Verkehr und Klimaschutz

Christiane Weihe

Er ist ein schwarzes Schaf, ein Sorgenkind. In Sachen Klimaschutz hat der Verkehrssektor noch nicht viel erreicht. Auf ihn geht hierzulande etwa ein Fünftel der Treibhausgasemissionen zurück, zwischen 1990 und 2012 wurden seine Emissionen nur um 5,5 Prozent reduziert. Sie stiegen sogar, wenn der von der Bundesrepublik ausgehende internationale Luft- und Seeverkehr berücksichtigt wird. Will Deutschland jedoch seine Klimaziele erreichen – also eine Senkung der Treibhausgasemissionen um 80 bis 95 Prozent bis 2050 im Vergleich zu 1990 – müssen die Emissionen des Verkehrssektors deutlich zurückgehen. Ansatzpunkte für mehr Klimaschutz im Verkehr gibt es auf vielen Ebenen: mit Blick auf Antriebstechnologien und Kraftstoffe ebenso wie durch die Vermeidung und Verlagerung von Verkehr.

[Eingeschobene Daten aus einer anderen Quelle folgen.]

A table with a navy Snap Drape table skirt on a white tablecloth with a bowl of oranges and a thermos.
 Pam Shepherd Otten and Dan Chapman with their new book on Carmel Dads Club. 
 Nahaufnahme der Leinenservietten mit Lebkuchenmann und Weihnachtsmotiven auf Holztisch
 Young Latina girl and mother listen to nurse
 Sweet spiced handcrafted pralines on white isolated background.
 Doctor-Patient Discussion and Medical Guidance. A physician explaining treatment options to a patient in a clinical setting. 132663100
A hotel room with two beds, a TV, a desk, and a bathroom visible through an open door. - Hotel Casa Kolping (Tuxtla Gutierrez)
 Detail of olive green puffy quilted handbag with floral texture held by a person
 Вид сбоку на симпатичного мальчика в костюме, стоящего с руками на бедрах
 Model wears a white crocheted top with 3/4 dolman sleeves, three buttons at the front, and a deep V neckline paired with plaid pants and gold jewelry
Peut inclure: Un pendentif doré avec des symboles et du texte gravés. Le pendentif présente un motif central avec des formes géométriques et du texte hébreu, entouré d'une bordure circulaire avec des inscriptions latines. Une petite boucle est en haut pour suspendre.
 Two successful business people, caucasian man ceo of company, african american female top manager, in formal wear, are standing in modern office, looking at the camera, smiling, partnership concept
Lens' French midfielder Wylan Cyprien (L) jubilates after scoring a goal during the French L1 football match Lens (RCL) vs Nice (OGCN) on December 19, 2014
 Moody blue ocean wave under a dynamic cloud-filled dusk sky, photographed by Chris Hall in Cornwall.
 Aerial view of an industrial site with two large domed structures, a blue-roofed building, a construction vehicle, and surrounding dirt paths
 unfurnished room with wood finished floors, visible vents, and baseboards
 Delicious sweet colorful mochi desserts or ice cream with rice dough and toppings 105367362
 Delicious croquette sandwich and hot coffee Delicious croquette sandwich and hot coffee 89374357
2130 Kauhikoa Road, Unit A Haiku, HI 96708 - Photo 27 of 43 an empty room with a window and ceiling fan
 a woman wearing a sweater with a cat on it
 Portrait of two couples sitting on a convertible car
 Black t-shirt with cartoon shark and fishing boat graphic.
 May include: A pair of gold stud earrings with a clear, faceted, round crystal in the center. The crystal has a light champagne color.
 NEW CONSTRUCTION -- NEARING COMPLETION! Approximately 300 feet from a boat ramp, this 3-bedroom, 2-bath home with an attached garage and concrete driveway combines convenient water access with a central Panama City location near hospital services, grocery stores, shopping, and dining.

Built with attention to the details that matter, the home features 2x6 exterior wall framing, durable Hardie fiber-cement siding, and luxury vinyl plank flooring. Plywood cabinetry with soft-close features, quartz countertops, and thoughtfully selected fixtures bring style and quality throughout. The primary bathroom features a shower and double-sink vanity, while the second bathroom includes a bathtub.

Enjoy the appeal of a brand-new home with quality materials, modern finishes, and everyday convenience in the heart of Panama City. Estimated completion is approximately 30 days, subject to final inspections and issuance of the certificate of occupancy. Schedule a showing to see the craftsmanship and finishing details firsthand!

„Der Verkehr kann einen substanziellen Beitrag zur Emissionsminderung leisten“, sagt Dr. Wiebke Zimmer. Dass dies möglich ist, haben die Experten des Öko-Instituts in einem Verbändeprojekt von WWF, BUND, Germanwatch, NABU und VCD auf Grundlage eines Klimaschutzszenarios errechnet (siehe hierzu ausführlich Infokasten „Der Verkehr von morgen“ auf Seite 11). Wie dies möglich ist, erklärt die stellvertretende Leiterin des Institutsbereichs Infrastruktur & Unternehmen. „Ein zentraler Schritt ist die Verkehrsvermeidung und -verlagerung“, sagt Wiebke Zimmer, „das betrifft den Personen- ebenso wie den Güterverkehr.“ So müsse etwa der Anteil der Transporte mit Bahn und Binnenschiff deutlich erhöht werden. Denn insbesondere der Güterverkehr auf der Straße hat einen erheblichen Anteil an der schlechten Klimabilanz des Verkehrs. „Kein Wunder: 2011 gab es hierzulande mehr als doppelt so viel Güterverkehr wie 1990“, so Zimmer. Ansatzpunkte, um den Verkehr auf die Schiene und Schiffe zu verlagern, sind unter anderem eine Verbesserung der Schieneninfrastruktur, Investitionen in das Kanalnetz oder auch eine Ausweitung der Maut für Lkw auf alle Straßen. „Grundlage solcher Maßnahmen muss eine entsprechende netzübergreifende, multimodale Verkehrsplanung im Rahmen des Bundesverkehrswegeplans sein“, erklärt die Wissenschaftlerin vom Öko-Institut.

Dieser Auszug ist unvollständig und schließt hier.